For some it is more a matter of wanting to be seen, whereas for others it is a matter of wanting to be heard. There are usually bits of both.

My own feeling is that our knowledge of the vastness of the universe and our knowledge of the rapidly growing number of people on the planet gives us more and more of a feeling that we are just insignificant specks in a world where the word million is becoming less and less capable of describing our understanding of reality. Something in our human instincts rebels against being just another bee in the swarm. We want to rise above the masses, to stand out as being different in some way.

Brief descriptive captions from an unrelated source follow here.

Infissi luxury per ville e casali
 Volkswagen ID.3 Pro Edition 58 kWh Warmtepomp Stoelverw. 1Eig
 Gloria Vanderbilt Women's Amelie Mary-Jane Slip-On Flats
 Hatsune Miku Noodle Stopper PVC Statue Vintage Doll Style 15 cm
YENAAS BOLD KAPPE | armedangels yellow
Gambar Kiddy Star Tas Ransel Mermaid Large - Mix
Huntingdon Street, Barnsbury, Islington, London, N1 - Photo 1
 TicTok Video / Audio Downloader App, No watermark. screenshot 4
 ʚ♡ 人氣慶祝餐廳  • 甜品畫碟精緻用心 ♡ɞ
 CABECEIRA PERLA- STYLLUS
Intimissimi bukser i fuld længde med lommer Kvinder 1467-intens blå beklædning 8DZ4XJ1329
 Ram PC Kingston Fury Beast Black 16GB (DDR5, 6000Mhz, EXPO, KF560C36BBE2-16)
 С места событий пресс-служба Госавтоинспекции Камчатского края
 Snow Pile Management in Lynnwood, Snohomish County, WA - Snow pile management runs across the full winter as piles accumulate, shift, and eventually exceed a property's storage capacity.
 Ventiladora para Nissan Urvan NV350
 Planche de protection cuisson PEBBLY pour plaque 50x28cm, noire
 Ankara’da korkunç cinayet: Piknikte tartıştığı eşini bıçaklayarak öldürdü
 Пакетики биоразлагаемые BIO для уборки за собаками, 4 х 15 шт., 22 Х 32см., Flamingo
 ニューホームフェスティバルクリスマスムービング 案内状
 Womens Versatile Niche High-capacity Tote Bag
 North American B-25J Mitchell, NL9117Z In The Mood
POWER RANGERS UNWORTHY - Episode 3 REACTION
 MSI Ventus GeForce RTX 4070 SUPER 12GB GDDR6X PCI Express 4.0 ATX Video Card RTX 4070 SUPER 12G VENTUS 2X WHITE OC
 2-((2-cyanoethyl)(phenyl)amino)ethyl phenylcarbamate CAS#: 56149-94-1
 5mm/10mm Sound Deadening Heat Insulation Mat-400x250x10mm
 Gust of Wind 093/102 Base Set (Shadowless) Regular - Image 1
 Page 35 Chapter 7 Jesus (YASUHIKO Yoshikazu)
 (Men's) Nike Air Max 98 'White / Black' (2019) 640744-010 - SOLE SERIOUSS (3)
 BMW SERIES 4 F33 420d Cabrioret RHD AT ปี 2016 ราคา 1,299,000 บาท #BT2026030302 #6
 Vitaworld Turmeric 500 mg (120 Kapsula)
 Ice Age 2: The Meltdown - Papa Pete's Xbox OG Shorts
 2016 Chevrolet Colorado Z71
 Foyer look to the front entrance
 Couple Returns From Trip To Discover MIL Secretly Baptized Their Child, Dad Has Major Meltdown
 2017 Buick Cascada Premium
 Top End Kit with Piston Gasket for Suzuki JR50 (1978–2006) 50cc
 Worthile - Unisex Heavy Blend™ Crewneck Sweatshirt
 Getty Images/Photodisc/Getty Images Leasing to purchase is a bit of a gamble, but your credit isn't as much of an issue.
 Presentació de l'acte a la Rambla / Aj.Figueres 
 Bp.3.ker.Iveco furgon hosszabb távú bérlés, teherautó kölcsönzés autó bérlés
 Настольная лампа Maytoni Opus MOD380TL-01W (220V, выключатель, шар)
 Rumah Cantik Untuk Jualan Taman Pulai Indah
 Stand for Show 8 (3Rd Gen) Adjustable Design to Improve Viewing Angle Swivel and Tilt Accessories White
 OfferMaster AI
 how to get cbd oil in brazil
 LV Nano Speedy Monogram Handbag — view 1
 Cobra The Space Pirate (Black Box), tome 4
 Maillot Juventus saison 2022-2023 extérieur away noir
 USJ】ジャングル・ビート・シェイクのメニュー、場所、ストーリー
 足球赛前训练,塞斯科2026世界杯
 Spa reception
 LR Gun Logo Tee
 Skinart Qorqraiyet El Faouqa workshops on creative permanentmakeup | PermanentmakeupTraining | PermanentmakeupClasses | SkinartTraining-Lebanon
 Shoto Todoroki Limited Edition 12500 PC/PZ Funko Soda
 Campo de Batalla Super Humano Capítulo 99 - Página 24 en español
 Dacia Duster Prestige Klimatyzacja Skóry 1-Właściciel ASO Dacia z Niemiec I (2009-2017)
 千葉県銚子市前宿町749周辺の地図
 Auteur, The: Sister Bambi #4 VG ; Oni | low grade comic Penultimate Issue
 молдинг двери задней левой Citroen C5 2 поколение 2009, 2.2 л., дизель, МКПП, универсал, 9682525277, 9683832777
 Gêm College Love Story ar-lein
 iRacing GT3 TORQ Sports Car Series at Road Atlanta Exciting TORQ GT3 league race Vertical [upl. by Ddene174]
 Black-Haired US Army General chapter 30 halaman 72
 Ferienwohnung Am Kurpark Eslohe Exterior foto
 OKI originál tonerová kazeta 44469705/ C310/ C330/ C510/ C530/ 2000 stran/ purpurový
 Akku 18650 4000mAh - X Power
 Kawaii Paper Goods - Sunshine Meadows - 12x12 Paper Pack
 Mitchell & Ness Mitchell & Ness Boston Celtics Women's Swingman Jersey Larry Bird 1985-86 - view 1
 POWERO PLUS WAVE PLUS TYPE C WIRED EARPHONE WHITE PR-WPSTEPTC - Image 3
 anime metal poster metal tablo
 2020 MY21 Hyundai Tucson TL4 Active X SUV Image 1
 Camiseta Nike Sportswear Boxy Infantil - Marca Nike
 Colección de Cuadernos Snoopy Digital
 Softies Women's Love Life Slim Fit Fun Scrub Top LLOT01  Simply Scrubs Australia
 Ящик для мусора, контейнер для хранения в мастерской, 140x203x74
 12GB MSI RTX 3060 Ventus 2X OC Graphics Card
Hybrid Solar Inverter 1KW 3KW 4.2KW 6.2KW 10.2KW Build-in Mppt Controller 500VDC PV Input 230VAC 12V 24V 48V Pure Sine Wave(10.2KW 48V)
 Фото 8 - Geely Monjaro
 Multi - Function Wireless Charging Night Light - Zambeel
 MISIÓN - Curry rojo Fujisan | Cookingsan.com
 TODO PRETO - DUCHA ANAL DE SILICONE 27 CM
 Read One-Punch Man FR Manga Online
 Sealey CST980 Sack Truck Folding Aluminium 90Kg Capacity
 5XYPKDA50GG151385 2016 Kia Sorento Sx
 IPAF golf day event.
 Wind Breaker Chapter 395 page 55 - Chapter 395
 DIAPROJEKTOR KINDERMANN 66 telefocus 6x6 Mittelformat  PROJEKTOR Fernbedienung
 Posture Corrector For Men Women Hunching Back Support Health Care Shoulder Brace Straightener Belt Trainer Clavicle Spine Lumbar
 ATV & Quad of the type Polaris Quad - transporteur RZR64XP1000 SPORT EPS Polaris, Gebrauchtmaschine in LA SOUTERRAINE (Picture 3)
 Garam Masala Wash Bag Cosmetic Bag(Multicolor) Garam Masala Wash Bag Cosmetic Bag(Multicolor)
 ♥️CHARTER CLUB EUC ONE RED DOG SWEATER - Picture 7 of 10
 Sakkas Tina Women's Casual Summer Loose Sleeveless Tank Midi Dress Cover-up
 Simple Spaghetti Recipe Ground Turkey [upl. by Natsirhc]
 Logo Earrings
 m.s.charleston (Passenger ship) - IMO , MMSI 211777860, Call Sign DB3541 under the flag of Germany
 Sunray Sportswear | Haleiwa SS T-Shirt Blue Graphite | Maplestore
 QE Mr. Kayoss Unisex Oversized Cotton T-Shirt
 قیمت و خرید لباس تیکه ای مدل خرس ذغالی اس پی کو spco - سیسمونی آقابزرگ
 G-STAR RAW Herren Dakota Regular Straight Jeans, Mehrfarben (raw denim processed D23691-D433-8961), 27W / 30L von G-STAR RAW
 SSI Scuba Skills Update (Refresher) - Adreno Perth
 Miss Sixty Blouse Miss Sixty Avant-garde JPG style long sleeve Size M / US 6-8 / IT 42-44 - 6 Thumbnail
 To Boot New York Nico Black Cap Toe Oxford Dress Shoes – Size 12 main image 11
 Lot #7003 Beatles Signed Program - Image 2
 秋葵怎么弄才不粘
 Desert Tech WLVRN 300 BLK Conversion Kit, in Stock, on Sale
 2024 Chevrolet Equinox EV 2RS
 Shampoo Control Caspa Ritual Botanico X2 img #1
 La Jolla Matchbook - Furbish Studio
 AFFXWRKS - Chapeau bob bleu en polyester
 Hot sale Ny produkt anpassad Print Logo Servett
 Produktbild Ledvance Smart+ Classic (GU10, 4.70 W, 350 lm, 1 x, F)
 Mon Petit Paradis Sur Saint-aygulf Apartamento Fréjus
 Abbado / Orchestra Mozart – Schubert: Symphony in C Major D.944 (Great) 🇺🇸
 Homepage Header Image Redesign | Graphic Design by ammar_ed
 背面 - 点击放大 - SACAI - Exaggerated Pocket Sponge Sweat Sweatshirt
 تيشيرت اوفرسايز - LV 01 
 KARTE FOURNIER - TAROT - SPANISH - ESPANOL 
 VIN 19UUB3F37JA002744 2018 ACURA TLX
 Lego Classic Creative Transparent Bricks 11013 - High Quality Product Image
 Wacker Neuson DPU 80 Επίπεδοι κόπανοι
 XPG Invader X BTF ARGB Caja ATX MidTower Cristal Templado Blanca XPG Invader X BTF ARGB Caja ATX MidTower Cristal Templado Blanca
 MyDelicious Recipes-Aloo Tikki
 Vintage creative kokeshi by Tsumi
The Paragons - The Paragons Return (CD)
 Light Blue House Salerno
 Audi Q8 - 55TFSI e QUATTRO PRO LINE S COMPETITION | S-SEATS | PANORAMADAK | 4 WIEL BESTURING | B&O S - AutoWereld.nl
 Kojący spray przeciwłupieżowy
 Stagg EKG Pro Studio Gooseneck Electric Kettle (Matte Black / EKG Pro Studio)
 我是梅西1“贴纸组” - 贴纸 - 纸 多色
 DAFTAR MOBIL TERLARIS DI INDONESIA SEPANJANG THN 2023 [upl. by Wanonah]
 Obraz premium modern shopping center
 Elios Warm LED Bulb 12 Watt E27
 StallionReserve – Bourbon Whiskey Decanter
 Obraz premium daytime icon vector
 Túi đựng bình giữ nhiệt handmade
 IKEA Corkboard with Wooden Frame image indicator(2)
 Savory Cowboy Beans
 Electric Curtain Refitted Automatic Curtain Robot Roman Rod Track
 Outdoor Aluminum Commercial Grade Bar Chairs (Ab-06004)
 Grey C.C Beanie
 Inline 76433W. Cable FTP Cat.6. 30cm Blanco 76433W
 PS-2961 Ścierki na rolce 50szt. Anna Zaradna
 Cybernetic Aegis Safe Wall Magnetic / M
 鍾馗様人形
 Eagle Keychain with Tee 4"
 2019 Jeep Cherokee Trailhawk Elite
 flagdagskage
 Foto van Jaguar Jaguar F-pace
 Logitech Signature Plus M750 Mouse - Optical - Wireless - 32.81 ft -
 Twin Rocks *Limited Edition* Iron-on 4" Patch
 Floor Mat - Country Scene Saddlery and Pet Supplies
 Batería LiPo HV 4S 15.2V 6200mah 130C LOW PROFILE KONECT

What is most important to me with regard to the whole phenomenon of fame is whether our means and motives are ethically legitimate. As a community, we Jesus Christians have achieved fame that far exceeds our numbers. From our earliest years, the media picked up that we had deliberately set out to use them. Unfortunately, even those who work in the media for a living often entertain contradictory beliefs with regard to fame. They daily exploit people's desire for fame at the same time that they cling to and propagate the feeling that there is something sick about people being 'publicity seekers'.

Certainly some of the people listed in The Guiness Book of Records are, in the minds of most of us, a bit weird, if not 'sick'. But it still intrigues us, for example, to hear about how a man could cut a bicycle up into enough bite-sized pieces to swallow them each and let them pass through his intestines. Their achievements entertain us and may even lead us to think more deeply about things like what we are saying in this article.

But is such a person any more sick than an athlete who endangers his or her health by taking steroids to achieve success in his or her sport? Is it just the money that can be made through it that labels people who dedicate their whole lives to putting a ball in a hole on a golf course as being less sick than someone who has learned to put twelve golf balls into their mouth at one time? It's something to think about.

For ourselves, the best reason for seeking fame should be to use it to educate and help others, especially when done in obedience to leadings from God. But there are some times when God asks us to actively steer away from fame.

Jesus instructed his followers to do some things secretly: praying, fasting, and helping the poor. For him, it was 'sick' for people to do these things for the sake of publicity, even if the publicity was nothing more than others in your church thinking well of you.

But then there were his instructions to go into all the world and preach the gospel, to let our light shine, like a 'city on a hill that cannot be hid', and to go out into the highways and byways and compel people to 'come'. All of this implies some kind of an appeal to the masses.

Bible prophecy aims at getting people to see that we are not meaningless specks in the universe, that there is a plan and that we can become a part of that plan. One of the strongest points being made in the prophecies of Daniel and The Revelation is that eternal fame is not going to be found through political activity; it is going to come, instead, from 'the Lamb that was slain'. This phrase is an allusion to the humble, loving life of Jesus, who is arguably the most famous person who has ever lived. Jesus achieved fame through the notoriety of being executed as a criminal. And he calls on us to take up our cross and follow him.

We believe that fame must become a channel through which we point people to God and to Jesus. The Lord's Prayer begins, "Our father which art in heaven, hallowed be thy name..." and it ends, "...thine is the kingdom and the power and the glory forever. Amen." I long for the world to show God the respect and love that he deserves, and I desire that all of my efforts might ultimately bring glory (fame?) to Him.

We have, over the years, done many things which have excited the imagination of the media, from walking across the Nullarbor without food or water, to donating kidneys on a grand scale. But I believe that the publication of Survivors represents for most of us our single greatest achievment, simply because we get so many letters from people (A high percentage of them admit that they had previously been atheists.) saying that it has deeply changed their lives and increased their faith in God.